** Provided data **
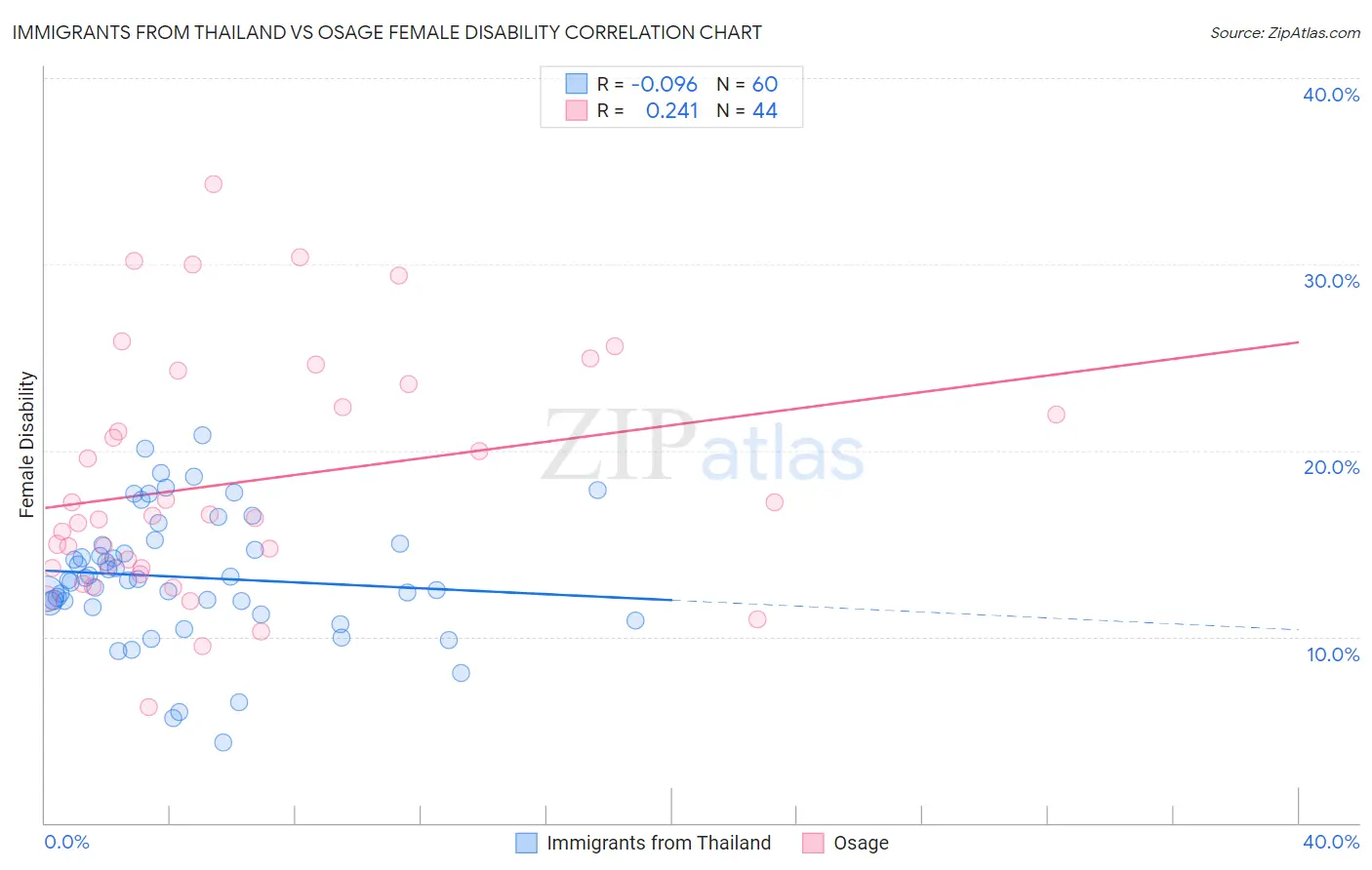 Immigrants from Thailand vs Osage Female Disability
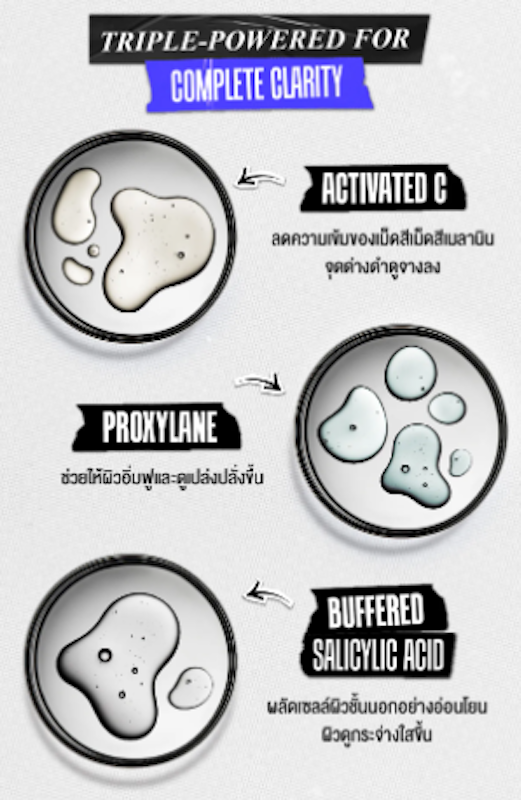 Clearly Corrective Dark Spot Solution 2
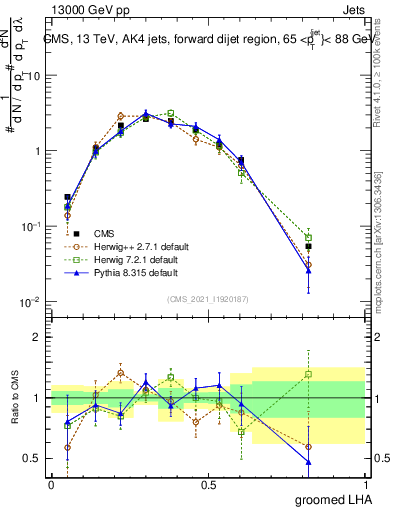 Plot of j.lha.g in 13000 GeV pp collisions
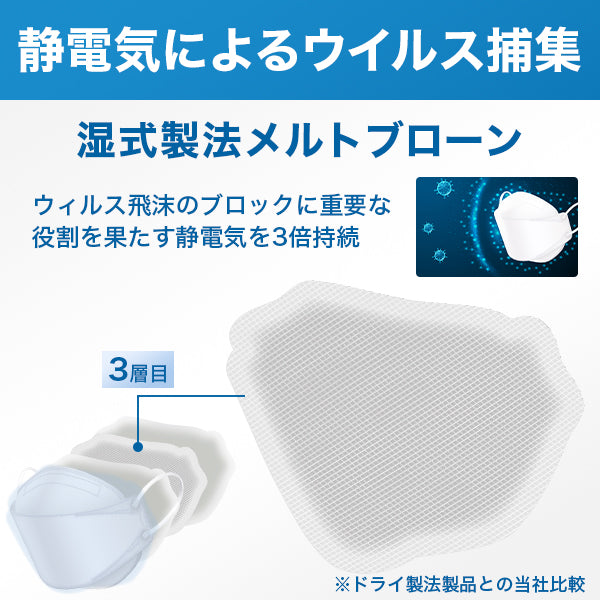 【30枚入】ブルーシールドマスク Fタイプ 4層 医療用クラス3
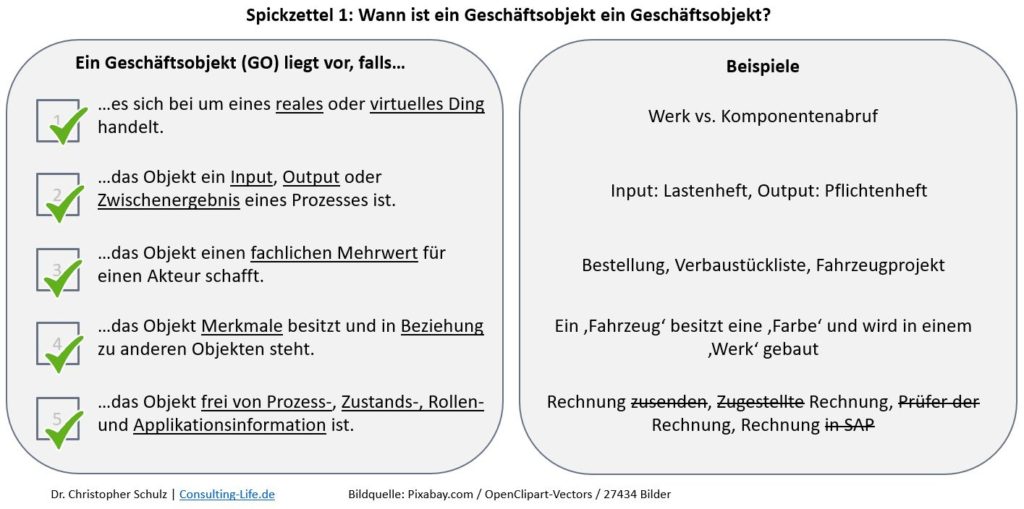 Checkliste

** Exercise instructions **
An exact copy of every entry above is needed, minus the pictures.

** Exercise solution **
 Immigrants from Thailand vs Osage Female Disability
 Clearly Corrective Dark Spot Solution 2
 Plot of j.lha.g in 13000 GeV pp collisions
 【30枚入】ブルーシールドマスク Fタイプ 4層 医療用クラス3
 Checkliste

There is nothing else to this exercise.